_What you need to do:_ Only the lines from the top of the records below through the line containing "Samsung Galaxy M30s" should be printed, exactly and without pictures.
- - - - - - -
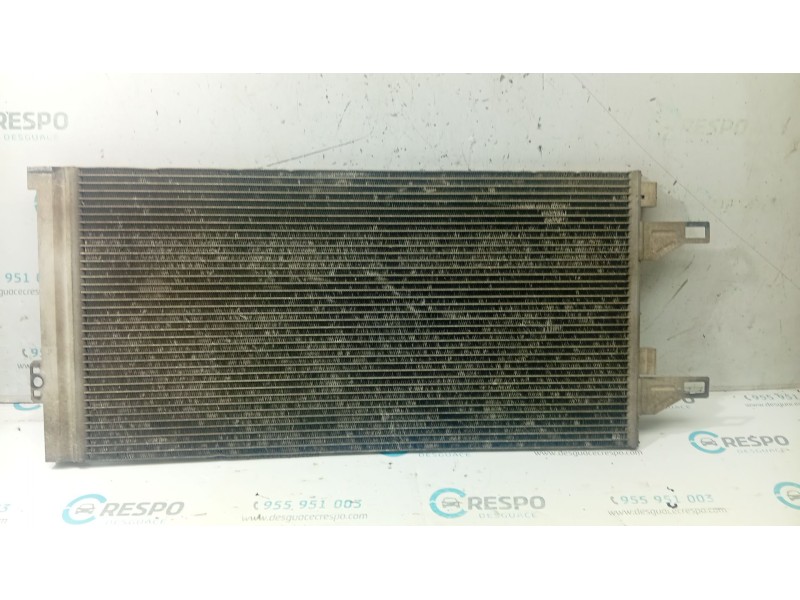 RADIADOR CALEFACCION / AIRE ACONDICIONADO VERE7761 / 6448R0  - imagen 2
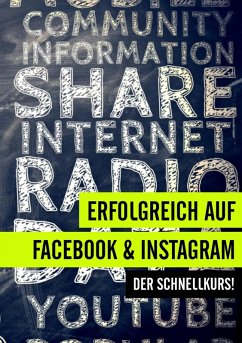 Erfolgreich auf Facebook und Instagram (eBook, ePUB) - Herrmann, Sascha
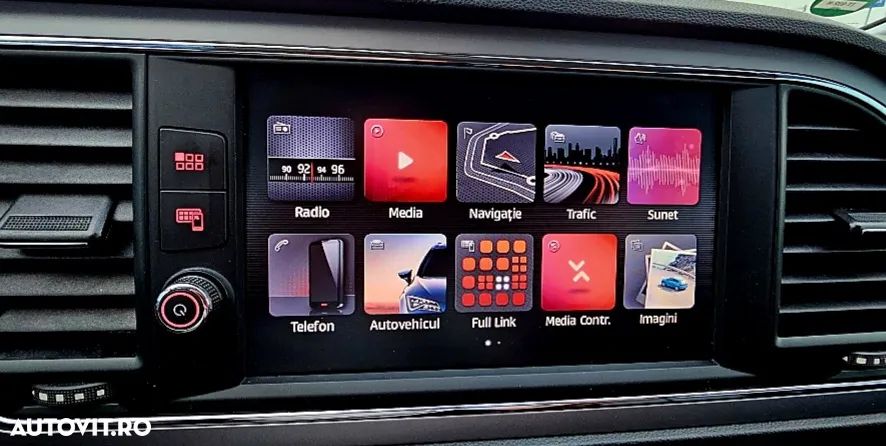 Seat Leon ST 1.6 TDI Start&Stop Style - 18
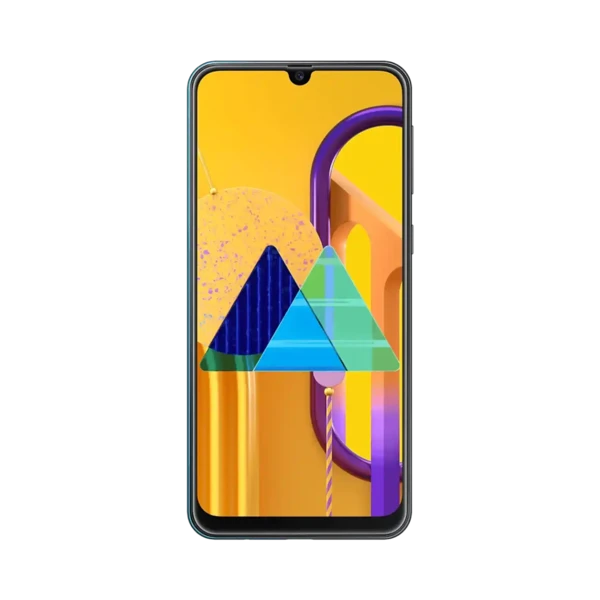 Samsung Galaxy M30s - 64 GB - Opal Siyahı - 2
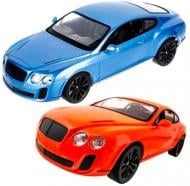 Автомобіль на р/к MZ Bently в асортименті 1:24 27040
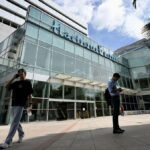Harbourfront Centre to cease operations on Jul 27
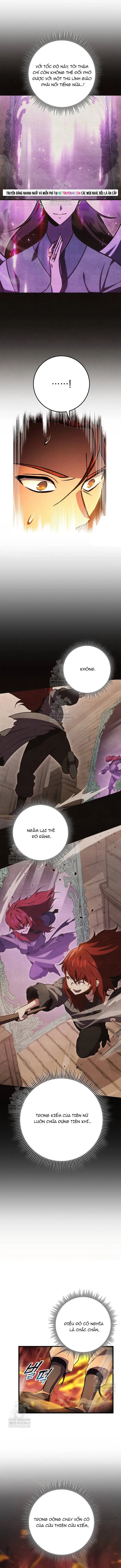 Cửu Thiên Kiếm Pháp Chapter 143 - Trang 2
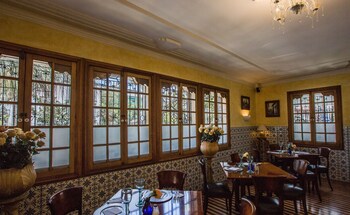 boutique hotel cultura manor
- - - - - - -
_Exercise solution:_
 RADIADOR CALEFACCION / AIRE ACONDICIONADO VERE7761 / 6448R0  - imagen 2
 Erfolgreich auf Facebook und Instagram (eBook, ePUB) - Herrmann, Sascha
 Seat Leon ST 1.6 TDI Start&Stop Style - 18
 Samsung Galaxy M30s - 64 GB - Opal Siyahı - 2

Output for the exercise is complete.